The problem: overseas merchants decline business cards even when you have funds If you’re trying to pay for global software, AI tools, ad platforms, or international subscriptions, declines can happen for reasons that feel random: the checkout works once and then fails on renewal, the merchant says “card not supported,” or you get a generic “do not honor.” In many cases, your card issuer—not the merchant—is blocking the payment or the merchant’s risk rules are rejecting the transaction.
Below are the most common, real-world causes and what you can do about each—plus how DogPay helps you set up payments in a way that reduces international friction.
Why overseas merchants decline business cards (common causes)

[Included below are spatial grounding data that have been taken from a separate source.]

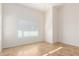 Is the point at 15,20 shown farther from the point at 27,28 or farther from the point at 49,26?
the point at 49,26

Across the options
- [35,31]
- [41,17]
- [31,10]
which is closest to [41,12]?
[41,17]

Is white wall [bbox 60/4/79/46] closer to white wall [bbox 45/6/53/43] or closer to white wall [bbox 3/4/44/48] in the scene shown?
white wall [bbox 45/6/53/43]

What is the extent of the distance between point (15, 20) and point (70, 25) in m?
2.15

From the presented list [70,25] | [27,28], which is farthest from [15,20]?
[70,25]

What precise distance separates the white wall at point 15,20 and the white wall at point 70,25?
2.98 ft

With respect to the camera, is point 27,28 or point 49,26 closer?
point 27,28

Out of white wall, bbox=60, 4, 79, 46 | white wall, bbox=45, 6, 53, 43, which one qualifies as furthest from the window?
white wall, bbox=60, 4, 79, 46

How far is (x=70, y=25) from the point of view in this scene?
10.4 feet

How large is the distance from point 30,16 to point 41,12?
0.45m

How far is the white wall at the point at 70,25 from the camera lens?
2.98 meters

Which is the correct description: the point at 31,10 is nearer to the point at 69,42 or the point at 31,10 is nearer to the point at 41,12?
the point at 41,12

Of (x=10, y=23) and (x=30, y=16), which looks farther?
(x=30, y=16)

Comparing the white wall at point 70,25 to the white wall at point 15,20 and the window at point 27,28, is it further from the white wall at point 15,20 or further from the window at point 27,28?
the window at point 27,28

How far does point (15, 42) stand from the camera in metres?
2.75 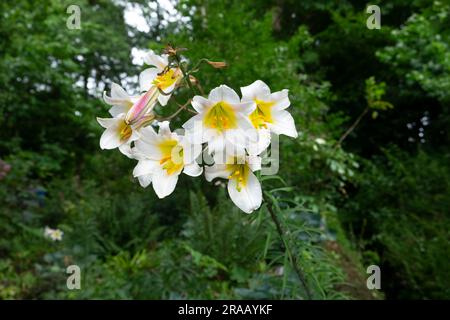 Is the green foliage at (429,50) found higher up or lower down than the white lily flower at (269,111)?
higher up

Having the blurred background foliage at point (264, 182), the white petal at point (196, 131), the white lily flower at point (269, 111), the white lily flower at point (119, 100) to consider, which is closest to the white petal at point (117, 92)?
the white lily flower at point (119, 100)

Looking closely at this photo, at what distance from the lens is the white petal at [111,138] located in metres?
1.05

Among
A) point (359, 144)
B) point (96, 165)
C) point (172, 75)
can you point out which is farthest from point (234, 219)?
point (359, 144)

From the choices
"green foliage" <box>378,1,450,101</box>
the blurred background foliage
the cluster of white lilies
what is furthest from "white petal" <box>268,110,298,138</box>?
"green foliage" <box>378,1,450,101</box>

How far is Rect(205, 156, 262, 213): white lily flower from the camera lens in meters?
1.02

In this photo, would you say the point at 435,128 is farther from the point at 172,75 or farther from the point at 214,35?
the point at 172,75

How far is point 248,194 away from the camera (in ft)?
3.41

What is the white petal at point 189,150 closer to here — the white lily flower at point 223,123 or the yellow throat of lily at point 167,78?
the white lily flower at point 223,123

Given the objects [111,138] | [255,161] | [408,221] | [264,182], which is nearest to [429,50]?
[408,221]

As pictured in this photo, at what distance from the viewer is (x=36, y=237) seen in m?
4.10

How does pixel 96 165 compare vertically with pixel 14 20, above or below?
below

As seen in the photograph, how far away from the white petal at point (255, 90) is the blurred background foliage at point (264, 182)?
Answer: 1.75 ft

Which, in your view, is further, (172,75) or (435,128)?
(435,128)

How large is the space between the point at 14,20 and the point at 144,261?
9.16ft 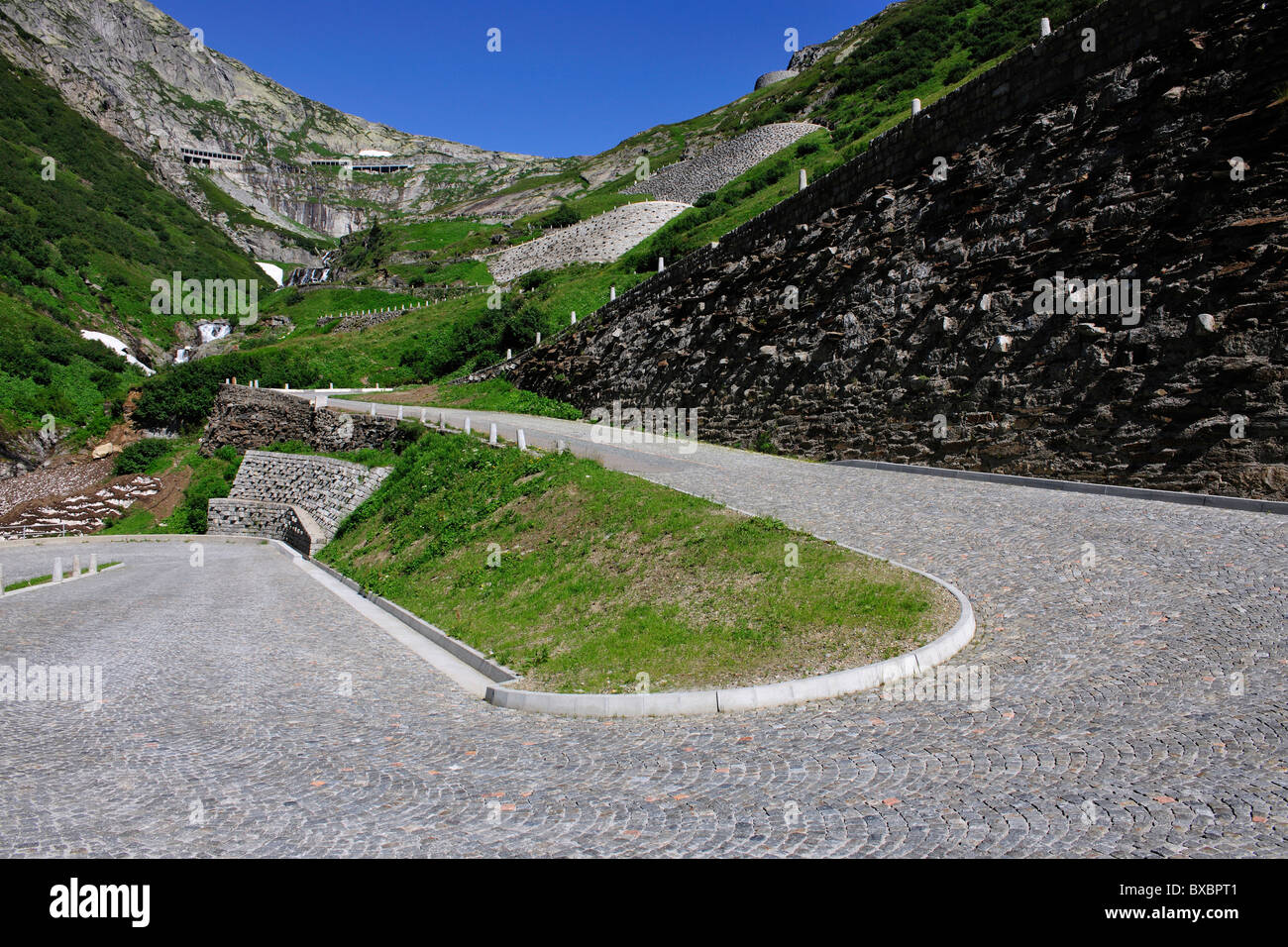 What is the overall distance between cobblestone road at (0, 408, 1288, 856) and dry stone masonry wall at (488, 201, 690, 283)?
52.0 meters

1) Issuer blocks international or online transactions by default Many corporate cards have conservative risk controls. Even if “international spending” is enabled, some issuers still block certain cross-border e-commerce patterns (new merchant + foreign acquiring bank + high-frequency retries).
What it looks like: instant decline at checkout, or the first payment succeeds and later attempts fail.
2) Address/AVS mismatch (especially with global merchants) Some merchants verify billing address via Address Verification Service (AVS). International processors don’t always handle AVS consistently, and a mismatch can trigger a decline even when the card is valid.
What it looks like: “billing address incorrect” or vague decline messages.
3) 3D Secure / Strong Customer Authentication requirements Certain merchants or regions require additional authentication (3DS/SCA) depending on the transaction risk level. If the payment flow expects a specific authentication step and it can’t be completed, it may fail.